How has your experience on TikTok influenced your thoughts on how researchers communicate science?
My personal view is that part of the reason there was so much vaccine hesitancy during the pandemic was that the first two vaccines that were approved were RNA vaccines. Nobody had heard of an RNA vaccine, and prior to January 2020, very few scientists had heard about RNA vaccines either. Of course people were skeptical about a vaccine that they'd never heard of that was magically rolled out in the context of a pandemic. But that's such a shame because RNA vaccines have been studied since the early 1990s. There were decades and decades of work that nobody really knew was going on. That exemplifies a gap between the speed of research progress — which isn't like the speed of light — and how slowly we as scientists and educators communicate with the public. That gap is huge.
Now with my science communication on TikTok, I’m trying to be less reactive and instead be more forward looking. I want to say, “Here's what we're doing now. Here are the advances that we're trying to make and how we're trying to make vaccines better.” That way, people can understand what's happening, as opposed to trying to catch up on practically 20 years of research.

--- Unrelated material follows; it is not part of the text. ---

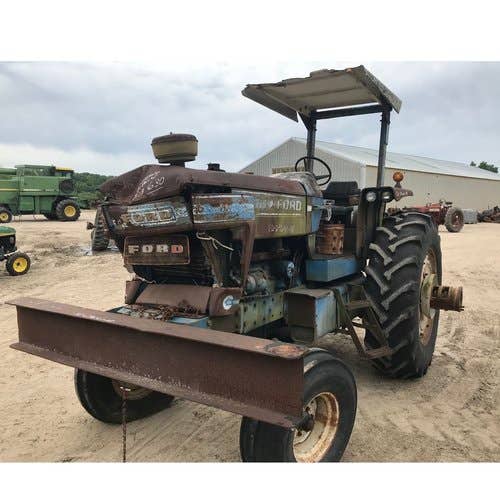 Used Ford 8700 Tractor parts.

TikTok is a great way to teach people about science because I can actually show them what I do in the lab, answer their questions, and have conversations about vaccines. It’s been a cool opportunity and such a privilege for me to be able to talk with people who are interested in vaccines and who want to learn more about them.
- Blakney, A.K. et al. Innate Inhibiting Proteins Enhance Expression and Immunogenicity of Self-Amplifying RNA. Molecular Therapy 29, 1174-1185 (2021).